Assignment
After locating the line with "HB_Druck Deutschland Fischerhut" in the data that follows, return it and every later line exactly, up to and including the line with "Fostoria American Pressed".

── Source data ──

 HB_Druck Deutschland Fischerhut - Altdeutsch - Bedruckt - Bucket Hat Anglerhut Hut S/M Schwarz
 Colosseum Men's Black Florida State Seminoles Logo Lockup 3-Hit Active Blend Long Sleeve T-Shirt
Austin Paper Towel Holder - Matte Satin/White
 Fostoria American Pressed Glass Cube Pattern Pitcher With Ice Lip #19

───
── Source data ──

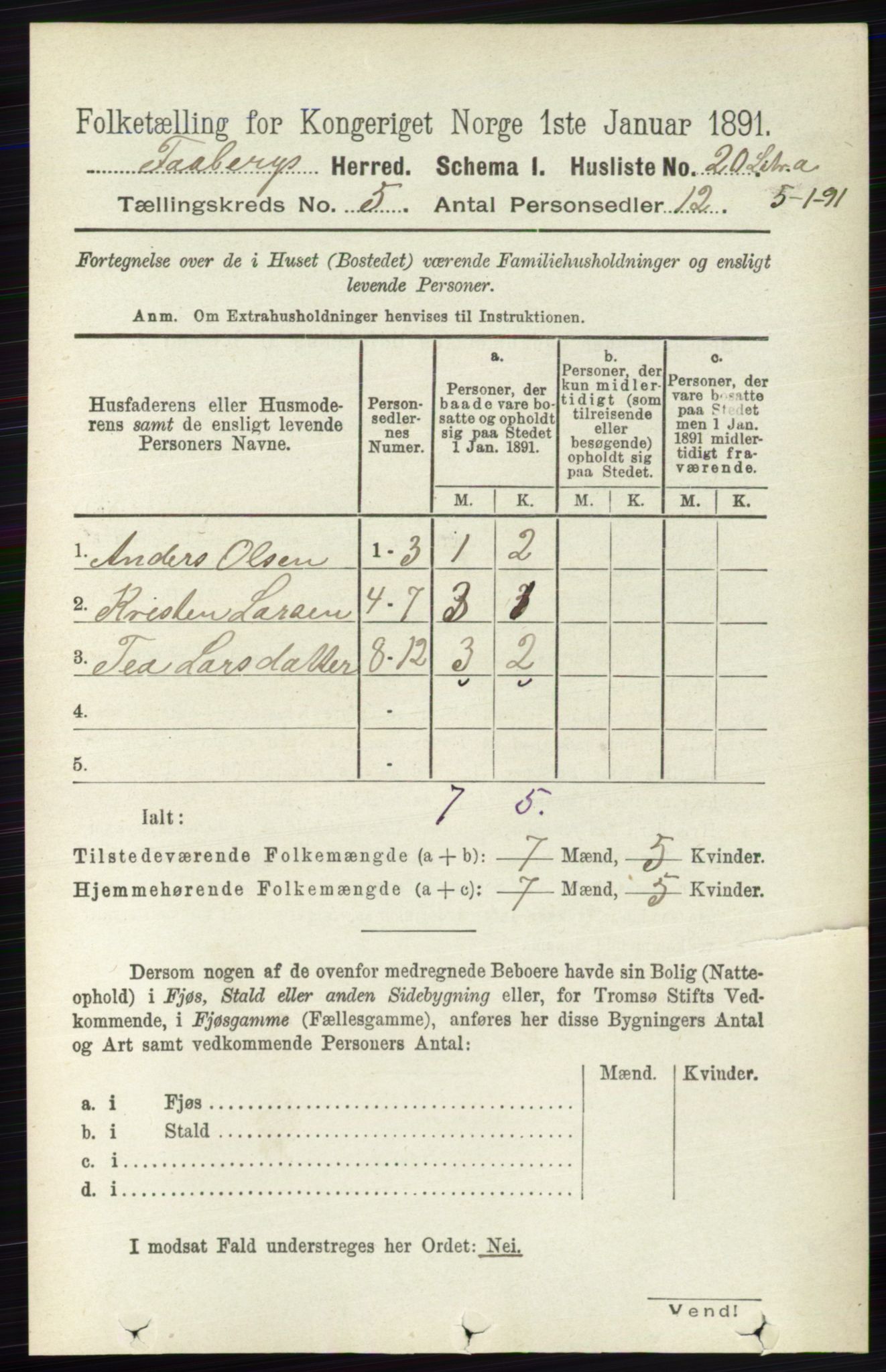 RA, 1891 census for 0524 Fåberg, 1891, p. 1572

───

Expected output
 HB_Druck Deutschland Fischerhut - Altdeutsch - Bedruckt - Bucket Hat Anglerhut Hut S/M Schwarz
 Colosseum Men's Black Florida State Seminoles Logo Lockup 3-Hit Active Blend Long Sleeve T-Shirt
Austin Paper Towel Holder - Matte Satin/White
 Fostoria American Pressed Glass Cube Pattern Pitcher With Ice Lip #19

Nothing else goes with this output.